After a somewhat rocky start, TSMC is now in full swing with production of 28nm circuits for desktop and mobile GPUs, which is quite a shrink from the current 40nm. The new manufacturing process includes High Performance (28HP), High Performance Low Power (28HPL), Low Power (28LP) and High Performance Mobile Computing (28HPM). All but the high performance mobile computing versions are now ready for mass production, which echoes previous info regarding both AMD and Nvidia GPUs. In other words, we will have to wait a bit longer for the high-end parts, so it’s not time to replace your GTX 580M or HD 6990M just yet.
There’s a great deal of back-patting going on in Taiwan right now, with both AMD and Nvidia praising TSMC’s accomplishments.
“We applaud TSMC’s success bringing a robust 28nm process to market, and we look forward to leveraging the benefits of this new process when we ship our next-generation discrete graphics products,” says Matt Skynner, Corporate Vice President and General Manager of AMD’s GPU Division,. “The combination of AMD’s industry-leading graphics IP and TSMC’s manufacturing prowess will enable the next big leap in graphics performance with the parallel compute horsepower and power efficiency designed to meet the needs of even the most demanding gamer.”
“NVIDIA and TSMC have a history of delivering the most complex GPU architectures on state-of-the-art process nodes. This partnership has been among the industry’s most prolific, resulting in more than one billion GPUs shipped. Our close collaboration in developing 28nm processors will once again deliver the most energy-efficient GPUs and highest-performance graphics processors on the market,” says Jeff Fisher, Senior Vice President, GeForce Business Unit, NVIDIA.
It’s amazing that both company’s are apparently industry leaders. On the other hand, considering that they use the same factory to produce their products is shouldn’t be all that surprising that Nvidia and AMD are constantly neck-and-neck in the GPU race. In the end it’s a pretty good situation for the end user. TSMC’s biggest customers are AMD and Nvidia, which use TSMC to manufacture graphics processors, but Qualcomm also employs the company’s services to build its Snapdragon chips for smartphones and other mobile devices.

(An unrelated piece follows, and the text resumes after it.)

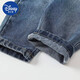 Disney baby denim overalls 2025 spring and summer style for children, boys and girls, 1 to 3 years old, stylish loose overalls for outer wear, blue overalls, size 90, height 90, detachable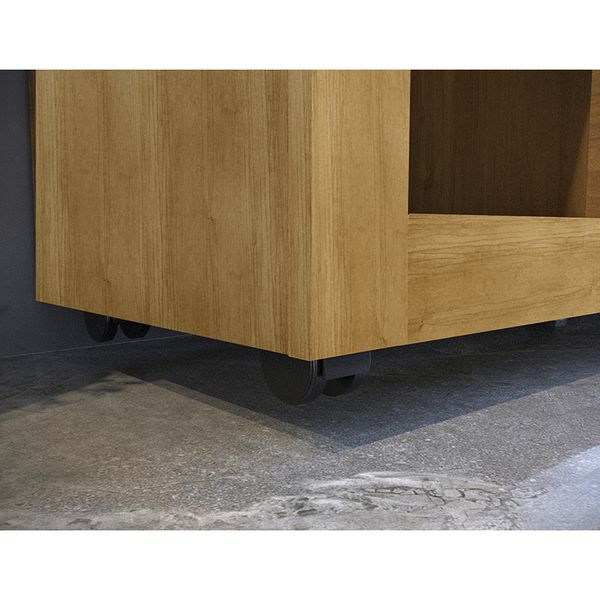 Rack com Painel para Tv até 50" Off white/Cinamomo Firenze Valde Moveis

According to previous information (see the above links), AMD is set to launch the first models in its new South Islands family by the end of the year–at least the mainstream varieties–while Nvidia’s Kepler is expected to make its first appearance in 2012. The laptop graphics cards are first in line for an update, but as previously mentioned the high-end gaming varieties will have to wait a little longer.
According to TSMC, customers have already developed 80 tape-outs or chip designs for the new manufacturing process. At the same time it claims that the yield (the proportion of flawless circuits in a series) is even better than the existing 40nm generation.